Funny you should ask this. Just recently I've been doing a lot of electrical work for a friend who installs such roof conversions.

Basically, you rip out the roof back to bare aluminium bars. This is then insulated with 50mm Celotex and boarded over with 1/2" marine ply. On top of this goes a breathable A1 membrane then steel roof tile sheets with a traditional uPVC fascia and new guttering.

The inside is clad with 10mm foil bubble "Space Blanket" which is then lathed over and plasterboard applied.

Materials cost on a 4m x 3m Victorian or Edwardian roof is around £800.


----------



## SteveF (1 Jan 2014)

my brother recently had this done
which got me interested in diy option for ours

p.s. his cost 7k

Steve


----------



## MMUK (1 Jan 2014)

SteveF":1mys113n said:


> my brother recently had this done
> which got me interested in diy option for ours
> 
> p.s. his cost 7k
> ...




Done by Total Roof Care by any chance? Owner is a guy called Andy.


----------



## Graham Orm (1 Jan 2014)

This then crosses a boundary. To be a conservatory, (which doesn't currently require building regs) it must have a translucent roof. Once you put on any form of covered roof it is potentially an extension. This would then require all sorts of other changes to comply, including testing of foundations and a reduction of the glass area.


----------



## MMUK (1 Jan 2014)

Grayorm":20doyd4o said:


> This then crosses a boundary. To be a conservatory, (which doesn't currently require building regs) it must have a translucent roof. Once you put on any form of covered roof it is potentially an extension.




The roof doesn't come into the equation strictly speaking, it's down to the glazed area of the "room" as to whether or not it's classed as an extension. And buildings regs won't apply retrospectively in these cases.

As a side note to anyone thinking about one of these roof conversions, the weight of the steel tile roof is less than that of a laminated/toughened double glazed roof.


----------



## SteveF (1 Jan 2014)

I understand the tiles are light weight but

the marine ply
breathable membrane
insulation
plasterboard

surely put a load of weight on the ally struts?


Steve


----------



## MMUK (1 Jan 2014)

SteveF":30wxo049 said:


> I understand the tiles are light weight but
> 
> the marine ply
> breathable membrane
> ...




Don't get me wrong there's a lot of weight but it still works out less than a glass roof. Also to consider is that by using the ply you are making the structure more rigid and, erm, structural :mrgreen:


----------



## Graham Orm (1 Jan 2014)

The spars rest on the frames which will spread quite easily unless you use ties across the width of the conny. 

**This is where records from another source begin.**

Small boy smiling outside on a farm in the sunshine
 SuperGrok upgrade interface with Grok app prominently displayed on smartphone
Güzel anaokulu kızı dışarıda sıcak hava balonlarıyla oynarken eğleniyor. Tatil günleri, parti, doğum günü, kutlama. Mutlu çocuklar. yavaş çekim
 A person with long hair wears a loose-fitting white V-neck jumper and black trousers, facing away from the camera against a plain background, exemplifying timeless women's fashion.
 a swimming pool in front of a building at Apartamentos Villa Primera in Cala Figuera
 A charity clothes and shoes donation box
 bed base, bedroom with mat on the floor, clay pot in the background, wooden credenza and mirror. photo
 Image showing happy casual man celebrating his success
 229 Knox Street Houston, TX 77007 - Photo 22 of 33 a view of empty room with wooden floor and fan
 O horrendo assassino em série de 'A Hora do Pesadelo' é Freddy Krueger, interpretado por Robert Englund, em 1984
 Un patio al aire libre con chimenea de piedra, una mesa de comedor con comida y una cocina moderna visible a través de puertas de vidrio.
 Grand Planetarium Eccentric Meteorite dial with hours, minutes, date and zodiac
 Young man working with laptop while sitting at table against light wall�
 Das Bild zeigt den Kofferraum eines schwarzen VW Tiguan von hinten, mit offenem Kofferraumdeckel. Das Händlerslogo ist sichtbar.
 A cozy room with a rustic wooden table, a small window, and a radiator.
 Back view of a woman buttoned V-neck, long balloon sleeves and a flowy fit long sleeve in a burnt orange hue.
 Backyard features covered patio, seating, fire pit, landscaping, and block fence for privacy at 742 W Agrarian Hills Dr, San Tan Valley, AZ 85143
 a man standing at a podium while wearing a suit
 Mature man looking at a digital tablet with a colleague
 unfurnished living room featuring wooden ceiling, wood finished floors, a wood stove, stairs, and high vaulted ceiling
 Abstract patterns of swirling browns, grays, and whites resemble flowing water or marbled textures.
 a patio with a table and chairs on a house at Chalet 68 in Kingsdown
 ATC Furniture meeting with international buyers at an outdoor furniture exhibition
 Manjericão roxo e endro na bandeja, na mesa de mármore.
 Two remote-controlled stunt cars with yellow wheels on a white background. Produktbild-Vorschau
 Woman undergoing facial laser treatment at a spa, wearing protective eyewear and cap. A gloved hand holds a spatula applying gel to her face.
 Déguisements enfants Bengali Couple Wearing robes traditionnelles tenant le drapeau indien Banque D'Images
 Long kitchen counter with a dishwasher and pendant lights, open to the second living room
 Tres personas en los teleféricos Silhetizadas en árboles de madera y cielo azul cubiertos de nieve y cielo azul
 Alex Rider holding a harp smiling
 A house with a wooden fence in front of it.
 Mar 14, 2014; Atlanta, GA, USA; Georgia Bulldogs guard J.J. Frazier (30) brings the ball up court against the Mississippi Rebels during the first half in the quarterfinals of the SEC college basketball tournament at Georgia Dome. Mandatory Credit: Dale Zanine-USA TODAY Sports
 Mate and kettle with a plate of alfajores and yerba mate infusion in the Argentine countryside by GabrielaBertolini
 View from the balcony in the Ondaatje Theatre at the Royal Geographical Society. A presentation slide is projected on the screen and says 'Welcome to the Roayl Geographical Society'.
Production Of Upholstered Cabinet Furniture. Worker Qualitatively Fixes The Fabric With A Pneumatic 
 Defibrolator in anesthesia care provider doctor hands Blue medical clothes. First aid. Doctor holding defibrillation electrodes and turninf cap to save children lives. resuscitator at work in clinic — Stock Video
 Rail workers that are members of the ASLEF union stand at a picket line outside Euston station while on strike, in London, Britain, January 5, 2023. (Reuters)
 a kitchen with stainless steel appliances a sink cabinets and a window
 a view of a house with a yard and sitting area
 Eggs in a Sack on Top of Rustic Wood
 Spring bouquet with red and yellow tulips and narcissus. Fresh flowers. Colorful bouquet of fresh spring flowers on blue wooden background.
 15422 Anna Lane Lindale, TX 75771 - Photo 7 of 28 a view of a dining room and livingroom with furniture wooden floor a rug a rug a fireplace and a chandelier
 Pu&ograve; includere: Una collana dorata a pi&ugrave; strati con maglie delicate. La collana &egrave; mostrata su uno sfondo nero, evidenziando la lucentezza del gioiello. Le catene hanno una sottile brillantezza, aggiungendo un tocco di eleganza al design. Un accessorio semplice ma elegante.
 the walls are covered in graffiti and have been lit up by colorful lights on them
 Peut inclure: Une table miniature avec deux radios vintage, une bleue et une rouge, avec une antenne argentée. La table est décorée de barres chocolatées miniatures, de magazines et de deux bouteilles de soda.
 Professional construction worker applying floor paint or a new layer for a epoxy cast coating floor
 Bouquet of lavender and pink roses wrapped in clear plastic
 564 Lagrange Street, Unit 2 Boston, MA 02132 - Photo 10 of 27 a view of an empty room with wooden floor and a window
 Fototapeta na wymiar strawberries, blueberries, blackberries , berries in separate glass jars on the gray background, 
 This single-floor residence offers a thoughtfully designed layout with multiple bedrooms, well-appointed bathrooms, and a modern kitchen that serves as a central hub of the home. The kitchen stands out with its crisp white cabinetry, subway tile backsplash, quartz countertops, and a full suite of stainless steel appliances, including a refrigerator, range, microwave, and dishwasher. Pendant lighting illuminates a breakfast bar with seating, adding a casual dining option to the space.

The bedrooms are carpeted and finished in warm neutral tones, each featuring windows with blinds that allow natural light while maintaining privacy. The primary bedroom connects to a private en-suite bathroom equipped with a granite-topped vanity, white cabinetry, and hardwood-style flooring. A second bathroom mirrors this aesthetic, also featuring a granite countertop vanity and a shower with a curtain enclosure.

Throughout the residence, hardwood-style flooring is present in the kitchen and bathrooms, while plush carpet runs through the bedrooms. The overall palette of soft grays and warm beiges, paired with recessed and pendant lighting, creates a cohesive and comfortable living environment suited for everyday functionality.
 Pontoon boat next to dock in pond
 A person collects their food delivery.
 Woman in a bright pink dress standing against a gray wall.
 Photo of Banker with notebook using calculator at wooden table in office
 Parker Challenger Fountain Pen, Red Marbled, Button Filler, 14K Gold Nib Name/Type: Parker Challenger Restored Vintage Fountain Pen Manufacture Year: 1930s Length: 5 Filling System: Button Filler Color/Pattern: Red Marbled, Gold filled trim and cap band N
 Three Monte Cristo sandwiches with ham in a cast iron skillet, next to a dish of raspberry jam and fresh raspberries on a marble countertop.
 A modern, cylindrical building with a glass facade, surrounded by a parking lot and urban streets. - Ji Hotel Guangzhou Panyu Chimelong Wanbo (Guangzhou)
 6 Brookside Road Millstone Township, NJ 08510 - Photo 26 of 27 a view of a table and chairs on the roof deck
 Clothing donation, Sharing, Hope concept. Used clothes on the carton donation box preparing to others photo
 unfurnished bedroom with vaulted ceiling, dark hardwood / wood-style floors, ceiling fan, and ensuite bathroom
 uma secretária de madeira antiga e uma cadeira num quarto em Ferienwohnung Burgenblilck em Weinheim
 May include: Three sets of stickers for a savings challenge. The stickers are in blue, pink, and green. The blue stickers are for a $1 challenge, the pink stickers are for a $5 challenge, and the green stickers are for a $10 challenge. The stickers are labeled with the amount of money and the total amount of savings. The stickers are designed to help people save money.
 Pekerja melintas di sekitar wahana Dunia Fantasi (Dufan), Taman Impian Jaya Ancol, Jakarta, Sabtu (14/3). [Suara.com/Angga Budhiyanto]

Steve. Just read up. The glazing of 75% of the roof and 50% of the walls to conform as a conservatory was dropped in 2010.

*WELL WORTH A READ*
http://www.telegraph.co.uk/property/pro ... -roof.html


----------



## Berncarpenter (1 Jan 2014)

Grayorm":1f0byfn0 said:


> The spars rest on the frames which will spread quite easily unless you use ties across the width of the conny.
> 
> Steve. Just read up. The glazing of 75% of the roof and 50% of the walls to conform as a conservatory was dropped in 2010.
> 
> ...



Very wise words from Jeff Howell nice find Grayorm.

Cheers Bern


----------



## MMUK (1 Jan 2014)

Grayorm":m9q8jres said:


> The spars rest on the frames which will spread quite easily unless you use ties across the width of the conny.
> 
> Steve. Just read up. The glazing of 75% of the roof and 50% of the walls to conform as a conservatory was dropped in 2010.
> 
> ...




I knew regs had changed but I wasn't quite sure exactly how, I don't tend to deal with planning apps these days.


----------



## Hivenhoe (1 Jan 2014)

As Grayorm points the spars rest on a "ring beam" which, although substantial, is attached to the top of plastic window frames by whatever screws the fitters have to hand. 
Also whilst most frames will have reinforcing inserts but there are a lot that don't.
You need to consider the overall loading on the materials used in the first place, eg. cills are hollow plastic the window frames rest on and could possibly fail under say a snow load that tiles will hold.
Flat PVC door infill panels will be a straight replacement for the polycarb sheets without much work or adding additional load to the roof bars and supporting window frames, cill etc. Snow should slip of as before.


----------



## Graham Orm (1 Jan 2014)

MMUK":asp413n7 said:


> Grayorm":asp413n7 said:
> 
> 
> > The spars rest on the frames which will spread quite easily unless you use ties across the width of the conny.
> ...



I was under the impression they still stood. It's 7 years since I was involved with a conservatory installation. :wink:


----------



## SteveF (2 Jan 2014)

guess i have some reading to do

thank you all for input

Steve


----------